Policy measures or approaches that could lead to greater consumption of biogas and biomethane include:

• Consider the wider positive externalities when developing biogas/biomethane policy support, as the benefits from biogas and biomethane extend beyond the provision of renewable heat, electricity and transport fuels.
• Encourage the creation of biogas and biomethane industry jobs in rural locations, through promotional campaigns and training programmes.
• Support the adoption of biogas installations in rural areas of developing countries for clean cooking through subsidy programmes covering a certain percentage of the capital cost or microcredit schemes that would allow households to pay off the capital costs over time using the economic savings produced by the biogas plant.
• Design renewable electricity auction frameworks for power purchase agreements that recognise and reward the flexible generation potential of biogas systems. 
• Develop registries to track and balance the volumes of biomethane injected to the gas network and subsequently consumed. These are an essential component in the application of policy support and are already in place in 14 European countries.
• Introduce quotas for renewable energy in transport that include sub‑targets for advanced bioenergy production from waste and residues, for example the European Union (EU) Renewable Energy Directive sub‑target of 3.5% of transport energy demand from such fuels by 2030.
• Roll out natural gas/biomethane fuelling infrastructure along key road freight corridors to enable biomethane consumption, a relevant example being the EU Alternative Fuels Infrastructure Directive.
• Promote public procurement of biomethane-fuelled vehicles that operate as captive fleets, e.g. municipal refuse collection vehicles and city buses.
• Utilise pricing units that allow comparison with other transport fuels, e.g. units of gasoline or diesel equivalents.
• Develop a framework for the use of digestate as a soil improver/fertiliser, e.g. through appropriate regulations, standards and certifications.
• Consider setting binding targets for renewable gases, based on quotas linked to total gas consumption.
• Develop more targeted incentives for renewable sources of power generation which can provide baseload and load-following services.

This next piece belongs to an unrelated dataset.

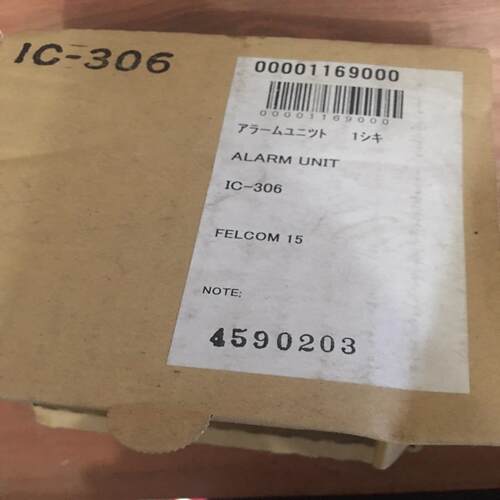 议~FURUNO ALARM UNIT IC-306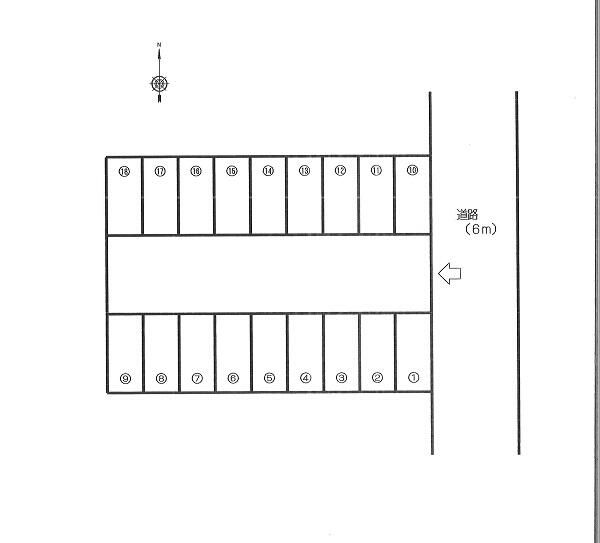 Parking Space for Rent in Koriyama, Fukushima - Thumbnail 3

Policy measures or approaches that could lead to greater supply of biogas and biomethane include

• Introduce low-carbon and renewable gas standards and incentives for their use, considering the appropriateness of feed-in tariffs, feed-in premiums or auction-based support schemes for renewable gases.
• Establish targets for biogas electricity capacity, biomethane production or injection into natural gas networks based on realistic assessments of feedstock availability and the status of the industry.
• Introduce fiscal benefits, for example accelerated depreciation for the purchase of equipment/accessories for biogas production, and exemptions from excise duty for imported equipment and biomethane fuels.
• Develop relevant technical specifications, for example the European EN 16723-1 (2016) standard for the injection of biomethane in the gas grid and EN 16723-2 (2017) standard for biomethane use in transport.
• Stimulate innovation in solid biomass gasification to accelerate its commercialisation.
• Develop frameworks for co‑operative infrastructure deployment for biomethane upgrading and gas network injection, reducing the investment and operational costs for multiple biogas producers in the same geographical location, e.g. multiple farm digester units. 
• Establish a shared understanding about the path to minimise the risk of conflicts between the strategies of market participants with differing commercial interests.
• Utilise nationally appropriate mitigation actions in developing countries to facilitate technology transfer, financing and capacity building from developed countries
• Harness overseas development assistance to co‑fund the market-based provision of household and community-scale biogas systems in developing countries.
• Raise awareness of biogas’s potential in key industry subsectors such as food and drink, and chemicals. 
• Clarify and harmonise Guarantee of Origin schemes and regulations in collaboration with other governments to encourage virtual cross-border trade of low-carbon gas.